My new years resolution for 2005: To overcome my fears.

I am afraid of heights. If I had to take a ferry ride when Matthew and Jonathan were small I would not sit by a window and let them lean on it. I was afraid that they would inadvertantly and tragically trigger a faulty seam that would come loose as they were leaning on it and they would fall to a cold icy death in the ocean below.

A few years ago I was travelling on the sky train across Vancouver and a mother was casually standing nearby while her toddler pushed and leaned on the closed sliding glass door of the train. If a mechanical error caused that door to open above the city the child would have shot down into the city in a split second. I sat in my seat hyperventilating, relieved when the train pulled to a stop and I was once again on solid ground.

In March I am packing Eli across the country to visit my friend Irene in Ontario.
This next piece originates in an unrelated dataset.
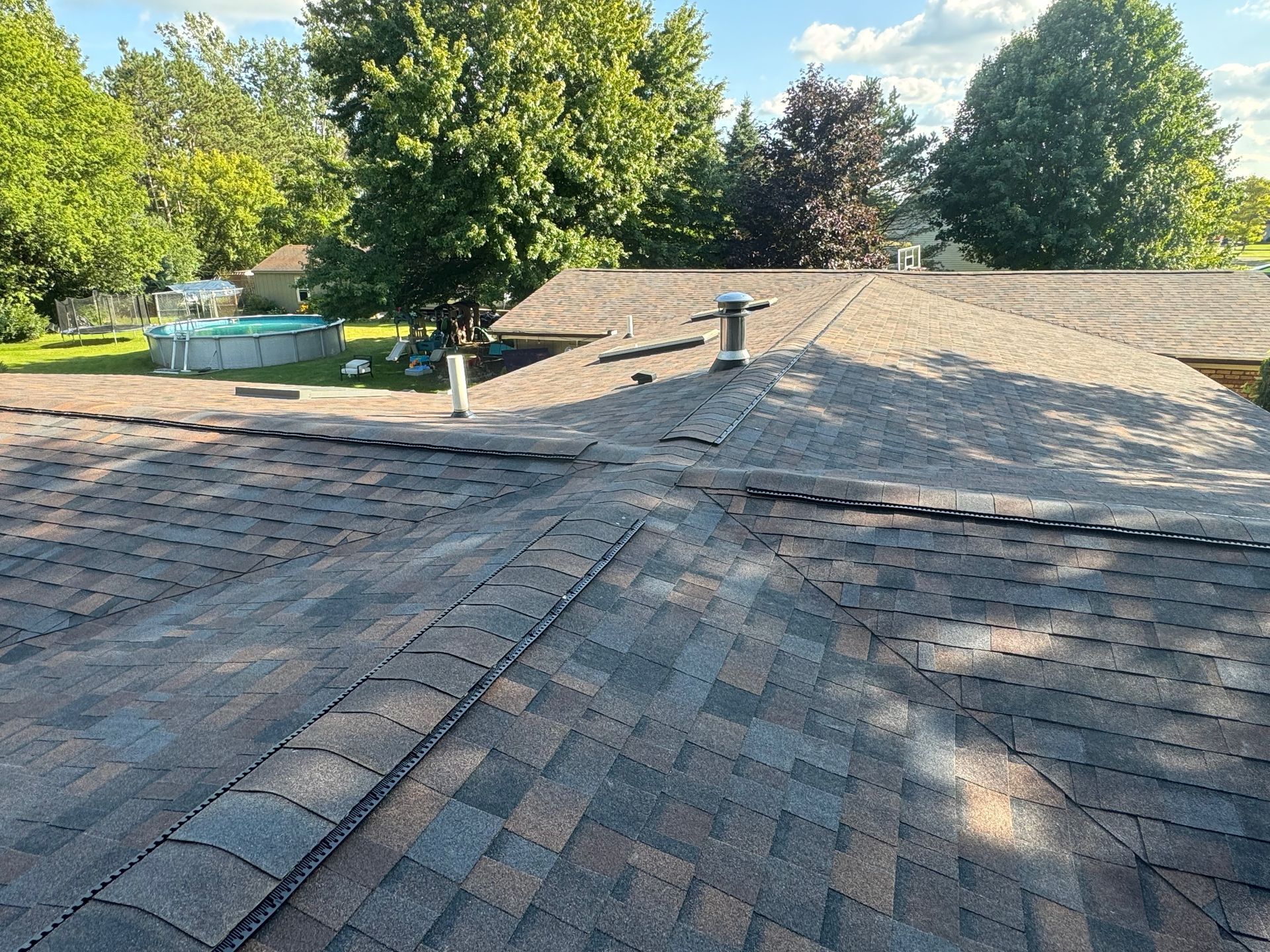 View of a brown, multi-toned asphalt shingle roof on a sunny day with trees in the background.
I am going to travel by ferry to Vancouver, where I will take a city bus to the airport, where I will take a five hour flight on a new airline that prides itself in providing only the very basic neccessities of travel. There will be no free peanuts. I'm ok with that. But when James jokes that the airline saves money by hiring pilots-in-training I do not laugh. I am afraid of heights and I am going to be flying above the clouds with a three month old baby. But I am a free-spirited, independant woman with a craving for adventure. I can do this.
I won't be asking for a window seat!